Commissioner Keenan Ertel cited U.S. language in Article I, Section 8, of the U.S. Constitution that he claimed requires state legislature approval for federal purchase of private property. Such permission was not sought, and BLM officials disagreed that it was necessary.
“We’re getting squeezed on all sides by expanding federal land agencies, regulations and actions,” Ertel said.
The section of the Constitution in question lists powers of Congress, one of which is “To exercise exclusive legislation in all cases whatsoever, over such District (not exceeding ten miles square) as may, by cession of particular states, and the acceptance of Congress, become the seat of the government of the United States, and to exercise like authority over all places purchased by the consent of the legislature of the state in which the same shall be, for the erection of forts, magazines, arsenals, dockyards, and other needful buildings.”
Tea Party activists and others critical of the federal government claim that the second portion of the clause, known as the “enclave clause,” mandates that no property can be purchased by the federal government without the consent of the legislature of the state in which it lies.
“Can any agency of the federal government come into a state and purchase land without state authorization as any other buyer would?” asked Jim Tenney of Arizona in a 2001 essay, published at www.citizensalliance. org, that typifies the argument. “Is it a private property right for a property owner to sell to the federal government? A proper reading of the Enclave Clause shows the answer to both of these questions is, NO.” Tenney is identified as the Arizona State President of Frontiers of Freedom People of the USA.
But according to an essay on the website of the Constitutional Accountability Center, a progressive think tank, that argument does not hold water.
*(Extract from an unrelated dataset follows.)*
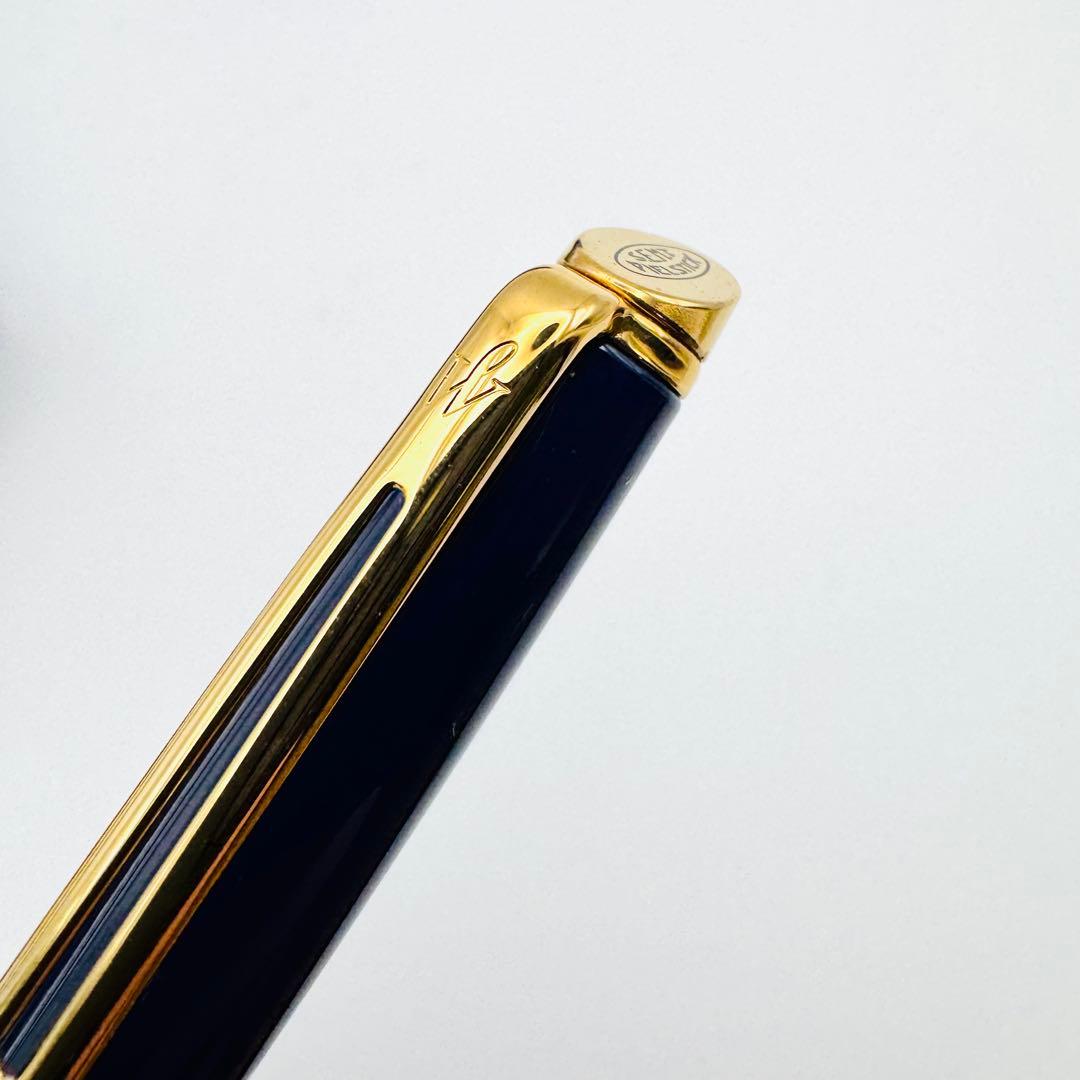 Waterman pen set featuring navy and gold ballpoint pen and mechanical pencil with original French case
“Let’s start by pointing out that Clause 17. . . is actually a broad grant of power to the federal government, authorizing it ‘to exercise Legislation in all Cases whatsoever,’ states writer Doug Kendall in an essay about federal lands in Utah. “The second half of the Clause – [the] so-called ‘enclave clause’ – uses the word ‘consent’ only to define the lands to which these broad powers apply, meaning the Clause applies to lands obtained with the consent of the states. . . .
Just as important, because the ‘enclave clause’ only concerns state transfers of land to the U.S. government for a limited number of purposes, it does not apply to the vast majority of federal lands in Utah. After all, Utah never had the chance to consent to federal control over these lands because they were property of the U.S. government before Utah’s statehood.”
Another inholding within Canyons of the Ancients the Rutherford Ranch, was purchased last year for almost $1 million. Whether grazing allotments there will be put on hold is too early to determine, according to Eaton.
“These federal land acquisitions are taking private land off our tax rolls, and this affects the health, safety and welfare of the county,” said Commissioner Larry Don Suckla. Regarding cattle-grazing, monument officials say it is part of the multiple-use strategy for the area. They urged patience to allow for land-health studies to determine appropriate stock levels, but the commissioners were skeptical.
“This stalling affects our economy. Young ranchers can’t wait, they are ready to go, but nothing is available because federal agencies are dragging their feet to get a study done,” Chappell said.
As a way to speed up the process, he requested BLM provide its requirements for a researcher to conduct the study, and then the county would seek a grant to pay for the position.
Potentially complicating the water-rights situation is the reported presence of rare fish species migrating from the San Juan River into Yellow Jacket Creek. Flannelmouth and bluehead suckers are listed as sensitive species, and the Colorado pikeminnow is listed as endangered under the Endangered Species Act.
Gail Binkly contributed to this report.